> What this task involves:
Please copy each line of the data that includes the string "Steel".

> Records for this task:
────

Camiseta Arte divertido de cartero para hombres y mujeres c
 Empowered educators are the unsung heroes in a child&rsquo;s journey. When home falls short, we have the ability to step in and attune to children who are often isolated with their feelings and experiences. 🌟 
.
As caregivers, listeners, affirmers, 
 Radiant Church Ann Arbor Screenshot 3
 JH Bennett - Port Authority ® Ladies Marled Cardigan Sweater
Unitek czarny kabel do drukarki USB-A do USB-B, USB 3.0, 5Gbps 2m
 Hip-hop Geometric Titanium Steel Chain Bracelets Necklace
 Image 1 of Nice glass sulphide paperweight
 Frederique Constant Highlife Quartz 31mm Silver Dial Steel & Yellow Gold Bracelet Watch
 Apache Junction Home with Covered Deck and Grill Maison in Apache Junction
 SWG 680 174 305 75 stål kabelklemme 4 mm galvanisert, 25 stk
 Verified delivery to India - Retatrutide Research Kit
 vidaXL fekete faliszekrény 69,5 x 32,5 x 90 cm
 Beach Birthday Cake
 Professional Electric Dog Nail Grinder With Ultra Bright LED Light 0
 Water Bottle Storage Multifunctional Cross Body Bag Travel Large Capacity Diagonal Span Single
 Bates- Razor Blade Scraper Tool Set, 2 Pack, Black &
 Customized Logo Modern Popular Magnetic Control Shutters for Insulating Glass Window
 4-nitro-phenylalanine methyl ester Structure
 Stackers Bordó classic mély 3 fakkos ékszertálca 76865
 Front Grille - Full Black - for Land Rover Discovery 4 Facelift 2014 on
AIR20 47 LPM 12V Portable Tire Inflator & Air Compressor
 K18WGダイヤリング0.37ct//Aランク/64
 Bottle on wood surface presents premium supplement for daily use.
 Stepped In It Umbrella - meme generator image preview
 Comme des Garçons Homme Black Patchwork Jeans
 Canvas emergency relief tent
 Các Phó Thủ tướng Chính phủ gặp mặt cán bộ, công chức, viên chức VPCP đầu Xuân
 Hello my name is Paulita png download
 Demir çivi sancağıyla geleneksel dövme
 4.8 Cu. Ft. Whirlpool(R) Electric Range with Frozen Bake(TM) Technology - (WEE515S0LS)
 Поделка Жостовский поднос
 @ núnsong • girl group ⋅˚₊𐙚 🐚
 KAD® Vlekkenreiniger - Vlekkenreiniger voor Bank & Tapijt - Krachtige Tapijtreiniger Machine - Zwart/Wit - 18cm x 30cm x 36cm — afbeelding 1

────

> Response to the task:
 Hip-hop Geometric Titanium Steel Chain Bracelets Necklace
 Frederique Constant Highlife Quartz 31mm Silver Dial Steel & Yellow Gold Bracelet Watch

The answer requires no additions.